Comme astuce didactique, mon catéchisme fut un échec total : il bloquait complètement la classe. Je peux dire néanmoins qu'une des questions que j'avais imaginées a été utile :Une mère récompense son fils d'une glace à chaque fois qu'il mange les épinards. Question : quelle information supplémentaire nous est nécessaire pour que nous soyons en mesure de prévoir si l'enfant est amené : a) à aimer ou à détester les épinards ; b) à aimer ou à détester la glace ; c) à aimer ou à détester sa mère ?Nous avons consacré deux ou trois séances à explorer les ramifications multiples de cette question ; au bout d'un moment, il m'est apparu évident que ce dont on avait besoin pour décider devait porter sur le contexte du comportement de la mère et du fils. Pour moi, il était devenu clair que c'était ce phénomène du contexte, ainsi que celui, étroitement lié, de la signification, qui définissaient la ligne de séparation entre la science dans l'acception “classique” du terme et le type de science que j'essayais de bâtir.

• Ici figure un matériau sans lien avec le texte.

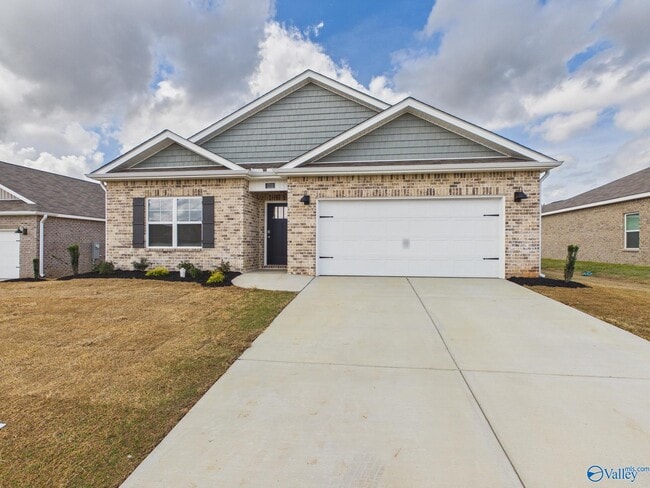 112 Betty Williams Dr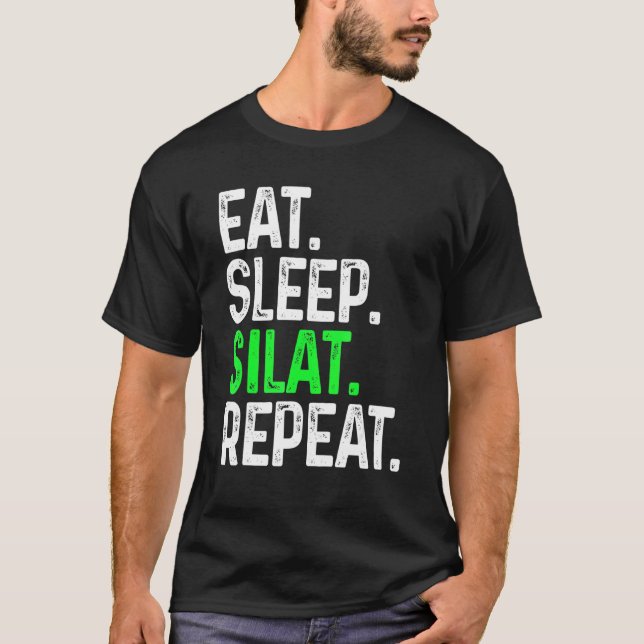 Sleep Silat Wiederholung des Kampfes der Kampfküns T-Shirt (Vorderseite)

Graduellement, j'ai réalisé que ce qui rendait difficile une réponse à la question de mes étudiants, c'était tout simplement le fait que ma façon de penser était différente de la leur. C'est l'un d'entre eux qui me fournit une indication pour mieux mesurer cet écart : c'était la première séance de l'année ; j'avais parlé de la différence culturelle entre l'Angleterre et l'Amérique — thème inévitable lorsqu'un Anglais enseigne l'anthropologie culturelle à des Américains. A la fin de la séance, un des étudiants vint me voir. Après un coup d'œil jeté par-dessus son épaule pour s'assurer que les autres étaient sur le point de quitter la salle, il me dit, en hésitant : “Puis-je vous demander quelque chose ? — Oui. — Voulez-vous vraiment nous apprendre ce dont vous nous parlez ?” J'hésitai un moment, et il en profita pour ajouter précipitamment : “Ou bien tout cela n'est qu'une sorte d'exemple, une illustration de quelque chose d'autre ? — Oui, en effet, ce n'est que ça”.
Mais un exemple de quoi ?
Par la suite, presque chaque année, on entendit une espèce de complainte, qui arrivait à mes oreilles comme une rumeur. On disait : “Bateson sait quelque chose qu'il ne dit à personne”, ou bien : “Il y a quelque chose derrière ce que Bateson enseigne, mais il ne dit jamais ce que c'est”.
De toute évidence, je ne pouvais pas répondre à la question : “Un exemple de quoi ?”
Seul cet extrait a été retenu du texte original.